If a line contains "DM510G12RT-B54HBT - BILAN CARBONE PPE2", it is the last one to write out; begin with the first line of the records and copy each exactly.

• _Brief descriptive captions_:
Content starts

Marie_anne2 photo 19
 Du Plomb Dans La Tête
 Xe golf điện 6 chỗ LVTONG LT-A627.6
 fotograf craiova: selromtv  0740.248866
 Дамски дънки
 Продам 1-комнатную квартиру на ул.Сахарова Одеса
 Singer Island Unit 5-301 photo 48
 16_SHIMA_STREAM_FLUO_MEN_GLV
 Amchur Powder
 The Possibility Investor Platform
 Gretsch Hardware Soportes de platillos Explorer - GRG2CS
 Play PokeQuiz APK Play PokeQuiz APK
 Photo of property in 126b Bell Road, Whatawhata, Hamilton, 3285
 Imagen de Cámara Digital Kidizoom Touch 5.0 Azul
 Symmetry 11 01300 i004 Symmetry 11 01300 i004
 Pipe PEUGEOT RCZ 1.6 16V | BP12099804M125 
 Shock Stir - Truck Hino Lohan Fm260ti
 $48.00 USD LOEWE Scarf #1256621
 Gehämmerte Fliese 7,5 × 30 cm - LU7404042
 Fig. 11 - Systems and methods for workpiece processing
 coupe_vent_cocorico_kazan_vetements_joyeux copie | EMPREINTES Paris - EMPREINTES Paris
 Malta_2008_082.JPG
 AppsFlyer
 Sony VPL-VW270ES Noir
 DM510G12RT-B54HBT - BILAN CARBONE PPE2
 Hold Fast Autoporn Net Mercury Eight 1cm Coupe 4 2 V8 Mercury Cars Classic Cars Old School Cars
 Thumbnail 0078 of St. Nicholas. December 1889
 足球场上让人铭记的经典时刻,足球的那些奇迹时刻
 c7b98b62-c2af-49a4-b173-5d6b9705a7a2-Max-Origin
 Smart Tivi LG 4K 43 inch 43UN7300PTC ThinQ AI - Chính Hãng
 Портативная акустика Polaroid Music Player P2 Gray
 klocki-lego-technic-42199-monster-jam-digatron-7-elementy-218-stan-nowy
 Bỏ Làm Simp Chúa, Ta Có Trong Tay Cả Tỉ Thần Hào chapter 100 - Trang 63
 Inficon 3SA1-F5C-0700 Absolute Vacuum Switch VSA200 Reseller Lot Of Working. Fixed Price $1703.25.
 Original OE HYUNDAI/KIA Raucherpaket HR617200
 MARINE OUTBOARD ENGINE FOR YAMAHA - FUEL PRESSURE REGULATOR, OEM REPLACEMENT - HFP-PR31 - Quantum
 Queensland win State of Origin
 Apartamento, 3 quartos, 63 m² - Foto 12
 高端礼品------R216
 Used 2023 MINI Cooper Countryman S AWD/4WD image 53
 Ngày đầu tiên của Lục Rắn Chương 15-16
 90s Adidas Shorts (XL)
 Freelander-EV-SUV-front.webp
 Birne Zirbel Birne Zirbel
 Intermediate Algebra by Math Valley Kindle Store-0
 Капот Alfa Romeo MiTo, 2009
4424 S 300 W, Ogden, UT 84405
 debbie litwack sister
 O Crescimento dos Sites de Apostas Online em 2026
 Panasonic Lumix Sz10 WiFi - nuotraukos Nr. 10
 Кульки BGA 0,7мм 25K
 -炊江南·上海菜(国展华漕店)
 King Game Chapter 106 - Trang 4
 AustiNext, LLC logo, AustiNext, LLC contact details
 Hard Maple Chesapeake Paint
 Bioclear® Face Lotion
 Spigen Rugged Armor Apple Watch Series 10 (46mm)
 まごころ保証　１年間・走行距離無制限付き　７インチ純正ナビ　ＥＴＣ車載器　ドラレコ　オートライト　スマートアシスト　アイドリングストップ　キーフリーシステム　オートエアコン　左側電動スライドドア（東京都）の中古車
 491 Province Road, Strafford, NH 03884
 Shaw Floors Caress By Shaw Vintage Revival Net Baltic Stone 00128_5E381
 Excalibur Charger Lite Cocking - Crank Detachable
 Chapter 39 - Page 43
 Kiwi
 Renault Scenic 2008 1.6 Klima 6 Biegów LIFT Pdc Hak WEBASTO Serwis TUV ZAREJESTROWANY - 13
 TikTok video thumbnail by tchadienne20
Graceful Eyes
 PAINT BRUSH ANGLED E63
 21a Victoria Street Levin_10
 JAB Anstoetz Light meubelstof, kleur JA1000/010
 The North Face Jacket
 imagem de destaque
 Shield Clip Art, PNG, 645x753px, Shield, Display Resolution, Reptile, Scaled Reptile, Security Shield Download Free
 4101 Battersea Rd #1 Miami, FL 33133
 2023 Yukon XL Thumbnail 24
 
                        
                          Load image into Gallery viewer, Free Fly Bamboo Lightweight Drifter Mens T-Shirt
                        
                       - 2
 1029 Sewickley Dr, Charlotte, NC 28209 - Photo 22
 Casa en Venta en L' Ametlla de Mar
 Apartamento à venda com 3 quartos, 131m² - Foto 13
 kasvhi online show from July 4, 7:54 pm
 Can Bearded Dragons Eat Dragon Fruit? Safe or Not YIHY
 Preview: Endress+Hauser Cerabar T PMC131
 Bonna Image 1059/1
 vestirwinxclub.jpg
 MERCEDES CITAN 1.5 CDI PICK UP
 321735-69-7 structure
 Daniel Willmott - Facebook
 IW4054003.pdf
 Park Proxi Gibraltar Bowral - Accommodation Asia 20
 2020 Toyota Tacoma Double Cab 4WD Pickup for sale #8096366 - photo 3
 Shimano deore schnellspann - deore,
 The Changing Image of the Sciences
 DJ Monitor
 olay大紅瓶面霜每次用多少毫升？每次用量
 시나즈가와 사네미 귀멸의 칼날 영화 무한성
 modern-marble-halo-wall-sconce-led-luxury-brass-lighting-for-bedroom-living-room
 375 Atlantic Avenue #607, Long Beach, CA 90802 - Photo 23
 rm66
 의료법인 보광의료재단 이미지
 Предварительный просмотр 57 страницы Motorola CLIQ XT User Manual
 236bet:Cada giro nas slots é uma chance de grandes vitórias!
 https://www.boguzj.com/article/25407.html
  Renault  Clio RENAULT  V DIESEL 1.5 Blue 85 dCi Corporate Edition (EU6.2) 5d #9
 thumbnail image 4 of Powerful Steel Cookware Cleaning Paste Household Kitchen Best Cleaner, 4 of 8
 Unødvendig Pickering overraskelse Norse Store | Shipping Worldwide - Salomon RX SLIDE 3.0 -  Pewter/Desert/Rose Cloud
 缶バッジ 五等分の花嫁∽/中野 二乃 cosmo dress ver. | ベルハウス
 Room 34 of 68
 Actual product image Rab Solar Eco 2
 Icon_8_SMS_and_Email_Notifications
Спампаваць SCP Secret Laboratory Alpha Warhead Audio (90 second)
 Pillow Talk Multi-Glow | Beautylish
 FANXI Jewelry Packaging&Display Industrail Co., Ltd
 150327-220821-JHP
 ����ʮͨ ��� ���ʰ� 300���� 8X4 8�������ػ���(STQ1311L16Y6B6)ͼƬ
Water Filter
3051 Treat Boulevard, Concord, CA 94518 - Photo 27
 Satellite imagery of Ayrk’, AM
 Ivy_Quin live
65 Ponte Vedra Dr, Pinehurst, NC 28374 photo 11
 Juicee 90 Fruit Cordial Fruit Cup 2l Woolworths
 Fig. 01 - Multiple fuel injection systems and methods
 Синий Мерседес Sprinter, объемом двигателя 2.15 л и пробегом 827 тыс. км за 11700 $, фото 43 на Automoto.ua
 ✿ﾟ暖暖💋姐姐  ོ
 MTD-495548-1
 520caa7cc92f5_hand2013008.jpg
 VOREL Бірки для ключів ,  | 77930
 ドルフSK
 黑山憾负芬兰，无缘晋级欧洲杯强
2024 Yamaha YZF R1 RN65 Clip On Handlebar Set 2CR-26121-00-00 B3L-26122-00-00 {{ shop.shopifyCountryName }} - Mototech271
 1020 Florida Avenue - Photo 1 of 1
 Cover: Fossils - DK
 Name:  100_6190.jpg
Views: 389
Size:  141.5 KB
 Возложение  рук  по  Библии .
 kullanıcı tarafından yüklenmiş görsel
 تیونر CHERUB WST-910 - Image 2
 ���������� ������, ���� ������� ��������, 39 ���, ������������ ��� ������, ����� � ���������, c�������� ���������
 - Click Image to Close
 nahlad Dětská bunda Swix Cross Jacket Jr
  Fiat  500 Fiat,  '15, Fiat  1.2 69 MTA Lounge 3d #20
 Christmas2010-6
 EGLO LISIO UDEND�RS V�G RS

Content ends

• _Response_:
Marie_anne2 photo 19
 Du Plomb Dans La Tête
 Xe golf điện 6 chỗ LVTONG LT-A627.6
 fotograf craiova: selromtv  0740.248866
 Дамски дънки
 Продам 1-комнатную квартиру на ул.Сахарова Одеса
 Singer Island Unit 5-301 photo 48
 16_SHIMA_STREAM_FLUO_MEN_GLV
 Amchur Powder
 The Possibility Investor Platform
 Gretsch Hardware Soportes de platillos Explorer - GRG2CS
 Play PokeQuiz APK Play PokeQuiz APK
 Photo of property in 126b Bell Road, Whatawhata, Hamilton, 3285
 Imagen de Cámara Digital Kidizoom Touch 5.0 Azul
 Symmetry 11 01300 i004 Symmetry 11 01300 i004
 Pipe PEUGEOT RCZ 1.6 16V | BP12099804M125 
 Shock Stir - Truck Hino Lohan Fm260ti
 $48.00 USD LOEWE Scarf #1256621
 Gehämmerte Fliese 7,5 × 30 cm - LU7404042
 Fig. 11 - Systems and methods for workpiece processing
 coupe_vent_cocorico_kazan_vetements_joyeux copie | EMPREINTES Paris - EMPREINTES Paris
 Malta_2008_082.JPG
 AppsFlyer
 Sony VPL-VW270ES Noir
 DM510G12RT-B54HBT - BILAN CARBONE PPE2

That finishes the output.